# Task prompt
Provide the count of lines below where "Slim" occurs, with no other output.

§

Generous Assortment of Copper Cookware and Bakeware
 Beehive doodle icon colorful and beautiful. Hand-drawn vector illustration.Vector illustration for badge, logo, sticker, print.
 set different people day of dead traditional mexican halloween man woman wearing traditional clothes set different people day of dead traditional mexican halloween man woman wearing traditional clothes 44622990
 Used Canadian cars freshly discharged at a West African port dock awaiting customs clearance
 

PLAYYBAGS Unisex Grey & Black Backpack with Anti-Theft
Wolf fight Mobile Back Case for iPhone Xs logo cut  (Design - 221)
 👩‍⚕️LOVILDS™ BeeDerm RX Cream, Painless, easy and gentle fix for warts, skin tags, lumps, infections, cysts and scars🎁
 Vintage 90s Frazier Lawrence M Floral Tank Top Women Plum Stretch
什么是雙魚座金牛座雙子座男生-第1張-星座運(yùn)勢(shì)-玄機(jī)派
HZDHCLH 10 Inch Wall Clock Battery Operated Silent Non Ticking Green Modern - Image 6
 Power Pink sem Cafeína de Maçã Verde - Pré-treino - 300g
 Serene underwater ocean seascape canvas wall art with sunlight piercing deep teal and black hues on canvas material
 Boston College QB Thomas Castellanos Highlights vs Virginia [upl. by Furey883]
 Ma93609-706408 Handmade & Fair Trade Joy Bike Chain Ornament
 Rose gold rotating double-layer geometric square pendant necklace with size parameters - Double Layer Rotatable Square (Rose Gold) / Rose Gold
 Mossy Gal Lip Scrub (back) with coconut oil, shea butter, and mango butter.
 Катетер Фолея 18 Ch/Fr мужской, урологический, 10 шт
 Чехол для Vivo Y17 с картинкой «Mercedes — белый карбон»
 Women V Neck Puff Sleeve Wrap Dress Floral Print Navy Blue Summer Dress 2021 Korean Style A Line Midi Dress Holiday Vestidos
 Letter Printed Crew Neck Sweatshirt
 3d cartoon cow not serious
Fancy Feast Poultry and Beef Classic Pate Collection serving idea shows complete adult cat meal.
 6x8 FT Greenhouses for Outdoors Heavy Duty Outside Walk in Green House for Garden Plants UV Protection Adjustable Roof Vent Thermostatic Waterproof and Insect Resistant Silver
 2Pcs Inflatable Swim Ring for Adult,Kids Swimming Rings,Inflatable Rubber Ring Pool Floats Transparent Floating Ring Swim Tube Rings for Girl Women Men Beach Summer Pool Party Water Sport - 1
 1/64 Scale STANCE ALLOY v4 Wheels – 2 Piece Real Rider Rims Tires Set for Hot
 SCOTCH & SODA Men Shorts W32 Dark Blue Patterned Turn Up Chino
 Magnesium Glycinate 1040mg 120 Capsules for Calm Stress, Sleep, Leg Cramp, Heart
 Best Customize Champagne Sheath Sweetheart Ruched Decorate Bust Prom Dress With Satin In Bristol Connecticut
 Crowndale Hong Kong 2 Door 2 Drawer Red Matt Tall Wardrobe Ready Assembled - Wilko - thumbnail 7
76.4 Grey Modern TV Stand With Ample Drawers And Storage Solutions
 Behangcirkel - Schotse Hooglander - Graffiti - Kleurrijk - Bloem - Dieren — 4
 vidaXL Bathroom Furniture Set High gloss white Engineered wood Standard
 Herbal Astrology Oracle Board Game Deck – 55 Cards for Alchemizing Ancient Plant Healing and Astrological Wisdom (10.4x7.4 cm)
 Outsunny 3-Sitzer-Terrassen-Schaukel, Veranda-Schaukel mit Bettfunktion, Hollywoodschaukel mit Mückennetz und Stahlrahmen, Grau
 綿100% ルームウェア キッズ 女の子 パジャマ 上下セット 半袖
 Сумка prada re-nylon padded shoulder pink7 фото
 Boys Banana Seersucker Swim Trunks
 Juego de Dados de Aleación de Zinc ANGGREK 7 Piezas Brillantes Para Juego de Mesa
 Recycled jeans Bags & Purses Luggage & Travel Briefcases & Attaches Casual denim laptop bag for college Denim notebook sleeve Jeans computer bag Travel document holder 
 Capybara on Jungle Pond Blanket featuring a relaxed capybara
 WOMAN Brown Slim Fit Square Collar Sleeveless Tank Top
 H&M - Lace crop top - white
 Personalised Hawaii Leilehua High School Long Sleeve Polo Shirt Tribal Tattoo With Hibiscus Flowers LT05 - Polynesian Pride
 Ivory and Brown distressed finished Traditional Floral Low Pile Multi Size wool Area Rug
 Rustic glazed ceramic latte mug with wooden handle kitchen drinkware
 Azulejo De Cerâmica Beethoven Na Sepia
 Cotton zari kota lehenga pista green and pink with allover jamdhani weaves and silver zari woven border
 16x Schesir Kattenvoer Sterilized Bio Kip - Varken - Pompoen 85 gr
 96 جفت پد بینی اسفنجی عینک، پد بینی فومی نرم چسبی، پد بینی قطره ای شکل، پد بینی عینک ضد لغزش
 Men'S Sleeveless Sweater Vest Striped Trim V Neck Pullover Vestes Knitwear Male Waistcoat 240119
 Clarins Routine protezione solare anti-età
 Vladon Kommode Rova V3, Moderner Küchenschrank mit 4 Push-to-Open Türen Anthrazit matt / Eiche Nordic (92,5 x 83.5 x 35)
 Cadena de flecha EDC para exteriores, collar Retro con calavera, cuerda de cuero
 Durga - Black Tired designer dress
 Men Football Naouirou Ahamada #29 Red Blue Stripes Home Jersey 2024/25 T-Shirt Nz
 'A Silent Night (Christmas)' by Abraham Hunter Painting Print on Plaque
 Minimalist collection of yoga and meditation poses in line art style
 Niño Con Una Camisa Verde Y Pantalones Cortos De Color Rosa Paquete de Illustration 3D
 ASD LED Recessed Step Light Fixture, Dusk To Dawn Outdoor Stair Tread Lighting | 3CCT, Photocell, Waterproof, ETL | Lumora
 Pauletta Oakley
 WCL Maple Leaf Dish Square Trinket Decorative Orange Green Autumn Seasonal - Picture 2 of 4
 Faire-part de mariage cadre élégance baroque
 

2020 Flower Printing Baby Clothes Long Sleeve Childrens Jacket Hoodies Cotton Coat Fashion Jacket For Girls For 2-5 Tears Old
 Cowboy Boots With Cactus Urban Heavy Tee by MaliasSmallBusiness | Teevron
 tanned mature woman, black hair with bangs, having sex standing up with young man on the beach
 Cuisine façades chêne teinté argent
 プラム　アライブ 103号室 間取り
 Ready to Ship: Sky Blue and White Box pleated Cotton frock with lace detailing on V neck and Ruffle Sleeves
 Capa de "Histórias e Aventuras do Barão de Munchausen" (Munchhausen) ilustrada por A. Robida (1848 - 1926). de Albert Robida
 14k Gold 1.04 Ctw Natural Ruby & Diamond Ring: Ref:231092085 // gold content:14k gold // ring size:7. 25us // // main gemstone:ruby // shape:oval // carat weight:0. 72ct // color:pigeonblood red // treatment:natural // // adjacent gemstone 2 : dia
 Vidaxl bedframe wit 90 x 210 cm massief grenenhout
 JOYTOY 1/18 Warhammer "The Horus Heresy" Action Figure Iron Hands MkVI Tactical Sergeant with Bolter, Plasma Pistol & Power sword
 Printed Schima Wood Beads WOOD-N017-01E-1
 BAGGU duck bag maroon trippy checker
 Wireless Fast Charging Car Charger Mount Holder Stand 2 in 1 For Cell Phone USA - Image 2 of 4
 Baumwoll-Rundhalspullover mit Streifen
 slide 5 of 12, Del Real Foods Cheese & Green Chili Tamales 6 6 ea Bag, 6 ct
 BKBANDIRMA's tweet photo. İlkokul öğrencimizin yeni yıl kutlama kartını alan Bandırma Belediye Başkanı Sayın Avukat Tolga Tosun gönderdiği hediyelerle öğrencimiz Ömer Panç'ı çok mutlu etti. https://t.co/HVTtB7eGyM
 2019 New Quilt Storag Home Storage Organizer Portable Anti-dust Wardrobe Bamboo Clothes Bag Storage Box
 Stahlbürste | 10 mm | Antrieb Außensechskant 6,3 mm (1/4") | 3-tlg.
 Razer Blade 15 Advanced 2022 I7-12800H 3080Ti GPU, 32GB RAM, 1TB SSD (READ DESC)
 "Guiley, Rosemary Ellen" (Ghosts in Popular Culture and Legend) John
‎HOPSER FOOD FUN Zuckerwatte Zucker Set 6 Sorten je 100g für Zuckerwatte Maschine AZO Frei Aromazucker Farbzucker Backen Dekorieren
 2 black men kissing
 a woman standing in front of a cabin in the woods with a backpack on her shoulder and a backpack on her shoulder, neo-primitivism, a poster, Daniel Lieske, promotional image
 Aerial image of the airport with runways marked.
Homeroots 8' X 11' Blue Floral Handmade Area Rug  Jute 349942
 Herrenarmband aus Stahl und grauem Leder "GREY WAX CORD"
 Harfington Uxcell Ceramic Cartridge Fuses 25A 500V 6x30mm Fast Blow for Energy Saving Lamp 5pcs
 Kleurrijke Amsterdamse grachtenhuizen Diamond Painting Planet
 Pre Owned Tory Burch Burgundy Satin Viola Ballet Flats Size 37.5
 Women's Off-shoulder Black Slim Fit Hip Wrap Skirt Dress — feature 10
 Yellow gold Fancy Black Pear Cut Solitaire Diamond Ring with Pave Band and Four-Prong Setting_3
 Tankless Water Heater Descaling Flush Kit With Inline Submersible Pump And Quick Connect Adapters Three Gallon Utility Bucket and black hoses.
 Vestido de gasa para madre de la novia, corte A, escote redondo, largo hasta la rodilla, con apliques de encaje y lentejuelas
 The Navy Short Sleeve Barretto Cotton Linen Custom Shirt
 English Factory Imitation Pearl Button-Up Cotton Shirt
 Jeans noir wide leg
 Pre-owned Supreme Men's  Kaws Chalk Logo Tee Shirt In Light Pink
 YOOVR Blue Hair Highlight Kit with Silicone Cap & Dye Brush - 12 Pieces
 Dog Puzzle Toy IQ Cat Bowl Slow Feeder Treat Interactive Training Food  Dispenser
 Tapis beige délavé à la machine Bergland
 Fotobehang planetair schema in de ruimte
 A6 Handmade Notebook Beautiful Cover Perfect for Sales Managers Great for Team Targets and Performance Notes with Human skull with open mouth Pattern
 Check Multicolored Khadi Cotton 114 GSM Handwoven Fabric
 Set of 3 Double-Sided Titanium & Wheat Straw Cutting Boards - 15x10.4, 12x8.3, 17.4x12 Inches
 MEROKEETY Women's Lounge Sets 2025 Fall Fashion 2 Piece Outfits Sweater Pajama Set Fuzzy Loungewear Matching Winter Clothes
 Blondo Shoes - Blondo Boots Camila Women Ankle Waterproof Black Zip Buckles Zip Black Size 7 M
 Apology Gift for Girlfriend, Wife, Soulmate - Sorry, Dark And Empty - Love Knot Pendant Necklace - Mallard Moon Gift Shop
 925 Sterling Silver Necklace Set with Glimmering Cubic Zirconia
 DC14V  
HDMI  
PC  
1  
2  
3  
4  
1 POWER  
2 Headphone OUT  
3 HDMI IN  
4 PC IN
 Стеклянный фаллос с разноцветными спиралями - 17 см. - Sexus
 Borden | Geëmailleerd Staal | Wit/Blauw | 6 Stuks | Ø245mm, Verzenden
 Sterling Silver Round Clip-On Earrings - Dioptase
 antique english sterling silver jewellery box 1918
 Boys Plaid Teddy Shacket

§

# Result
2